Re: record identical operator - Mailing list pgsql-hackers

From Robert Haas
Subject Re: record identical operator
Date
Msg-id CA+Tgmoar70E+oQGnQvJUBUP37_0dKCaz4nm-us9PNu6cbDRGNA@mail.gmail.com
Whole thread Raw
In response to Re: record identical operator  (Stephen Frost <sfrost@snowman.net>)
Responses Re: record identical operator
Re: record identical operator
List pgsql-hackers
On Mon, Sep 23, 2013 at 1:19 PM, Stephen Frost <sfrost@snowman.net> wrote:
> So I've gathered and I'm not terribly surprised that it's broken.  It
> was unfortunate that we committed it as such, imv.  I'm *not* convinced
> that means we should build on that in a direction that doesn't appear to
> be getting us any closer to real matviews.  Being in master doesn't make
> it released.
>
>> This is an improvement
>> over what is available in 9.3, because even though you still have to
>> rerun the full query, you don't have to lock out access to the table
>> in order to apply the changes.
>
> I see how you can view it as an improvement, but consider what you'd say
> if a user showed up on IRC wanting to implement *exactly* this in their
> DB using a cronjob and a bit of plpgsql.  Would we encourage him/her and
> say "gee, that's a great approach, just compare the whole row!"  Heck
> no, we'd say "uhh, you need a key there that you can depend on when
> you're doing your updates."  We'd probably even suggest that they, I
> dunno, make that key their *primary key* for the matview.  If they asked
> what would happen with their little plpgsql code when using citext or
> other, similar, type, we'd tell them exactly what would happen when
> using such a type with regular updates, and maybe even describe how they
> could get themselves into trouble if they tried to issue updates which
> changed those key fields and therefore run into possible lock contention
> from the unique index on values-that-are-not-really-unique-to-them.
>
> I can't see anyone encouraging that and here we are building a major new
> feature on it!  To be honest, I'm amazed that I appear to be alone with
> this.

I've written various scripts over the years for this kind of thing,
and they all compared the whole row.  I used a PK comparison to
determine which row needed to be updated and then compared the
remaining fields to figure out which values needed to be updated.  I
had assumed that's how most people did it; what do you do?

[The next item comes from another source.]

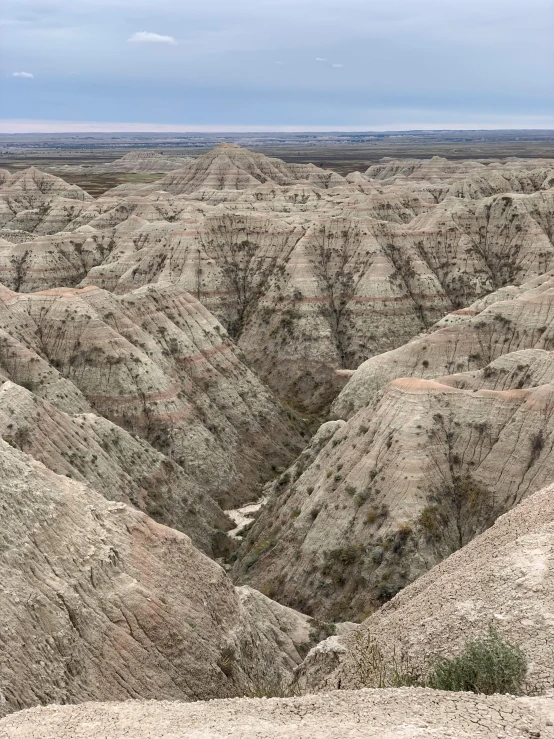 a valley that has a large formation of rocks and sand in the middle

Anyway, that is exactly what Kevin is proposing to do here and, to be
clear, he's NOT proposing to use the binary-identical semantics to
identify the row to be updated.  That will happen using the semantics
of whatever index the user chooses to create on the PK column.
Rather, he's only using the binary-identical to decide which rows are
completely unchanged.  I might be wrong here, but it seems to me that
that renders most of your argument here moot. Under Kevin's proposal,
changing a citext column that acts as a PK for the matview WON'T cause
the row to be deleted and reinserted, but what it will do is say, oh,
it's the same row (the values are equal) but the case is different
(the rows are not binary-equal), let me go update the PK column with
the new value.  From where I stand, that seems like exactly the right
behavior.  What do you think should happen instead?

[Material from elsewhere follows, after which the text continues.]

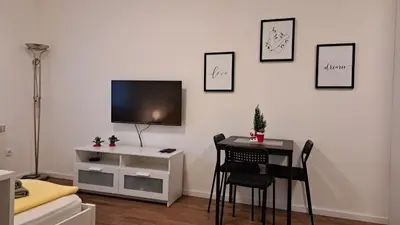 a room with a table and a tv on a wall at Apartment Sanja in Belgrade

>> Now, the next project Kevin's going to work on, and that he was
>> working on when he discovered this problem, is incremental
>> maintenance: that is, allowing us to update the view *without* needing
>> to rerun the entire query.  This record comparison operator will be
>> just as important in that context.
>
> You state this but I don't see where you justify this claim..

The next sentence was intended as justification.

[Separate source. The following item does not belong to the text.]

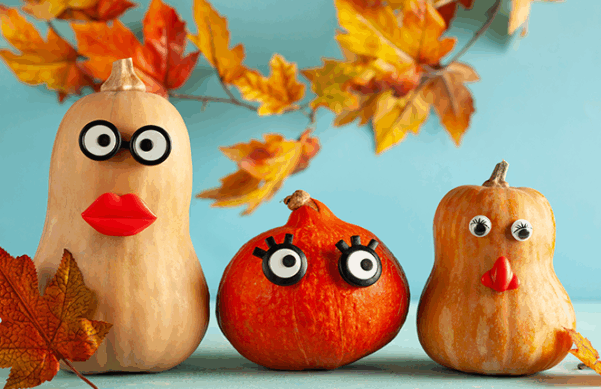winter squash with googly eyes and mouths, surrounded by leaves and in front of a blue wall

>> The *only* strategy refreshing a
>> materialized view that *doesn't* need this operator is the only we
>> have in 9.3: through out all the old data and replace it with the
>> result of re-executing the query.
>
> I really don't agree with this, but allow me to play along a bit.  What
> is going to happen with this incremental updates when you want to use an
> index to figure out what to update?

We already do use an index to figure out what to update with
concurrent refresh; or at least we can, when the query planner thinks
that is the cheapest strategy.  I don't imagine that that part will
change significantly for incremental updates.

> Are you going to build the index
> using your binary equality operator, which could allow *duplicates that
> are not really duplicates*, even in the externally-visible world? And
> then we'll be returning multiple rows to the user when we shouldn't be?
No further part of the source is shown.